The brethren in the congregations of Galatia lived in very similar circumstances and to them Paul named what would have essentially been an incomplete list of immoralities that he called the “works of the flesh” (Galatians 5:19-21). The works of the flesh stood in stark contrast to the “fruit of the Spirit” (Galatians 5:22-23) that the Christians were to have in their lives. The Galatian brethren would have been aware of the immoral lifestyles that were common in their communities just as we are today. Paul’s letter to the church at Colosse concerned what he called “things on the earth” (Colossians 3:2) that also consisted of various immoralities common to the first century world. Every city and town that Paul visited, whether just passing through or to stay and preach the gospel, was full of idolatry and the idolatrous immoral influences. “Now while Paul was waiting for them at Athens, his spirit was provoked within him as he was beholding the city full of idols” (Acts 17:16).

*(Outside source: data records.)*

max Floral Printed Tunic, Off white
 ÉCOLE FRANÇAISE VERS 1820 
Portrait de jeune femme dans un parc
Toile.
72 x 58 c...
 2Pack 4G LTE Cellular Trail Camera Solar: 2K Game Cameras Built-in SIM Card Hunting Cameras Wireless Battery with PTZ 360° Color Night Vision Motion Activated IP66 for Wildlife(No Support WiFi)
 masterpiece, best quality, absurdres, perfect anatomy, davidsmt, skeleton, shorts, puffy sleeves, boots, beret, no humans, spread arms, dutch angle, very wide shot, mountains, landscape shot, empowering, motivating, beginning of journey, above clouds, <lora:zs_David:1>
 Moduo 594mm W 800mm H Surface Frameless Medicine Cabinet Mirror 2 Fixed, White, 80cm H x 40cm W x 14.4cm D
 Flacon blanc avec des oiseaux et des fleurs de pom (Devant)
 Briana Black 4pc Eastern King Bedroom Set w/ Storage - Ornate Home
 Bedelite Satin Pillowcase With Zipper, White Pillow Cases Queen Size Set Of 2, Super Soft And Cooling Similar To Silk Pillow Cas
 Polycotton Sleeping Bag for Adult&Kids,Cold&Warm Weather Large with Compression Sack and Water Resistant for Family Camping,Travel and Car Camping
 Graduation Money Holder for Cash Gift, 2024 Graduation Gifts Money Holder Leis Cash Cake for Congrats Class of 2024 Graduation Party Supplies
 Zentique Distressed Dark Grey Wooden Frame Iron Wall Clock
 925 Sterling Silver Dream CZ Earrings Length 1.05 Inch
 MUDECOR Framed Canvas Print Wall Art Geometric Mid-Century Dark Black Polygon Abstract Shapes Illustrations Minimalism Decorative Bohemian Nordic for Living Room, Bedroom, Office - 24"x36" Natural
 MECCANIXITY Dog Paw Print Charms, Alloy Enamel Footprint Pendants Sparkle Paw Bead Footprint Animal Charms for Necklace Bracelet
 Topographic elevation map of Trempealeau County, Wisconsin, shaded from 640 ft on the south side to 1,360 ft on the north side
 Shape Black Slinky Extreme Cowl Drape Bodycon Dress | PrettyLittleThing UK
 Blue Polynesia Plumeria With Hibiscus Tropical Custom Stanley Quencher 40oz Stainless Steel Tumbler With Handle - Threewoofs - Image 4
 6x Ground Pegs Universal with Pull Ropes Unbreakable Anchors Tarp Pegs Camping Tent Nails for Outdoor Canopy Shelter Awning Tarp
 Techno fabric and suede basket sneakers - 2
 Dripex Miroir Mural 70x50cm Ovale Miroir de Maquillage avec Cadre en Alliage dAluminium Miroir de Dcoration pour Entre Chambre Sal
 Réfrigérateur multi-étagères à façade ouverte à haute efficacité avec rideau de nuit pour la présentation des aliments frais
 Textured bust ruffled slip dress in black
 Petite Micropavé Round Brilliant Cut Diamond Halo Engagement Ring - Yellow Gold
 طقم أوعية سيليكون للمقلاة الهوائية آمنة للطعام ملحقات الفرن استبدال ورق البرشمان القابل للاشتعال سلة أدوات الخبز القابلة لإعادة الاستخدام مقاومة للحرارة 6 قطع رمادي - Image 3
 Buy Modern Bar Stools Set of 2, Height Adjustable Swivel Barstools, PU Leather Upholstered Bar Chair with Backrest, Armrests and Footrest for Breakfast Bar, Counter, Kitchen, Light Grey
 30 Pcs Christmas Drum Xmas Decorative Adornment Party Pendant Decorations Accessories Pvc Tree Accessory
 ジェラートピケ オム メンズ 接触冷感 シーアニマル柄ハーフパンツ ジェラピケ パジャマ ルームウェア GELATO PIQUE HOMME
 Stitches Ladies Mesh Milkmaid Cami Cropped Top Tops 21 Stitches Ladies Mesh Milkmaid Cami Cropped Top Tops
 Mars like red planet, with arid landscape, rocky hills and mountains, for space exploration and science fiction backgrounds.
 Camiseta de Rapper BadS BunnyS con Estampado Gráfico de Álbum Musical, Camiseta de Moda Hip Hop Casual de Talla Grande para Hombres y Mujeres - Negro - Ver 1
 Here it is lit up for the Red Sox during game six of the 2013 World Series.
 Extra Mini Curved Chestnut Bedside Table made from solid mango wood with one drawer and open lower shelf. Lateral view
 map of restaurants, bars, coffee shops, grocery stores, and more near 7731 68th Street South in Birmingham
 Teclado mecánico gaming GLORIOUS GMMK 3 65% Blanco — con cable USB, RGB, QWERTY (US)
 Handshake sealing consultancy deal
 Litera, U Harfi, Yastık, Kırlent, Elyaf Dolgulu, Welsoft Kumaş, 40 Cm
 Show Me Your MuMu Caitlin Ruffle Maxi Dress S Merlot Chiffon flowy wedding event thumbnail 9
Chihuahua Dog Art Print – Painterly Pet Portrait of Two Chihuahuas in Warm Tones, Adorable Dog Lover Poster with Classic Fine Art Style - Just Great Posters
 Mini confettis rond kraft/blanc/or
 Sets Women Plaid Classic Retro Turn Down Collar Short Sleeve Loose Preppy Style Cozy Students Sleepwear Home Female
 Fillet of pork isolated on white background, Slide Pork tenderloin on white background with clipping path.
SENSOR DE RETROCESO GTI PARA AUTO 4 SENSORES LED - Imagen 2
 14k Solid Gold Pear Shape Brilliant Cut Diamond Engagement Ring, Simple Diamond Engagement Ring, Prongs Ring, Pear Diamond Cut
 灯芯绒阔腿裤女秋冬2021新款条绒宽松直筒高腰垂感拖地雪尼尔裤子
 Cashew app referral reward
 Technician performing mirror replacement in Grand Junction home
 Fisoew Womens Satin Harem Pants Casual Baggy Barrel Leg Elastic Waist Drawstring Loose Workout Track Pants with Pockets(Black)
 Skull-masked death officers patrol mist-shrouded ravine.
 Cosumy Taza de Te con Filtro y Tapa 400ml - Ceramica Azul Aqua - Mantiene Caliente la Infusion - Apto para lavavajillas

            Paul also wrote to the Christians in Rome, and he expressed his faith and confidence in the “gospel of Christ, for it is the power of God unto salvation” (Romans 1:16), and then he wrote concerning God’s reaction to those that do not obey the gospel. “For the wrath of God is revealed from heaven against all ungodliness, and unrighteousness of men, who hold the truth in unrighteousness” (Romans 1:18). The version cited here, the American Standard Version, uses the phrase “hold the truth in unrighteousness”. Some other versions say, “suppress the truth in unrighteousness”. The word translated “hold” or “suppress” literally means “to hold down”. For example, it is as if two people were wrestling, and one was trying to hold down the other. Paul was teaching that the rampant immorality in the society of the first century world was struggling against the will of God and those that practiced such were in effect trying to “hold down” or “suppress” the truth by their ungodly lifestyle. The world has continued for some twenty centuries since when Paul wrote, but the lesson is just as applicable today as it was then. 

            The month of June is now being promoted and celebrated by various immoral groups that are doing essentially the same of those in the first century. To proclaim the month of June as a celebration of immorality is to try to “hold down” or “suppress” the truth in unrighteousness celebration. We are twenty centuries from when Paul wrote to the church, but the lessons remain the same. “For I am not ashamed of the gospel, for it is the power of God unto salvation” (Romans 1:16). Just as they could not stop preaching the gospel, neither can the Lord’s church stop preaching the truth in the twenty-first century.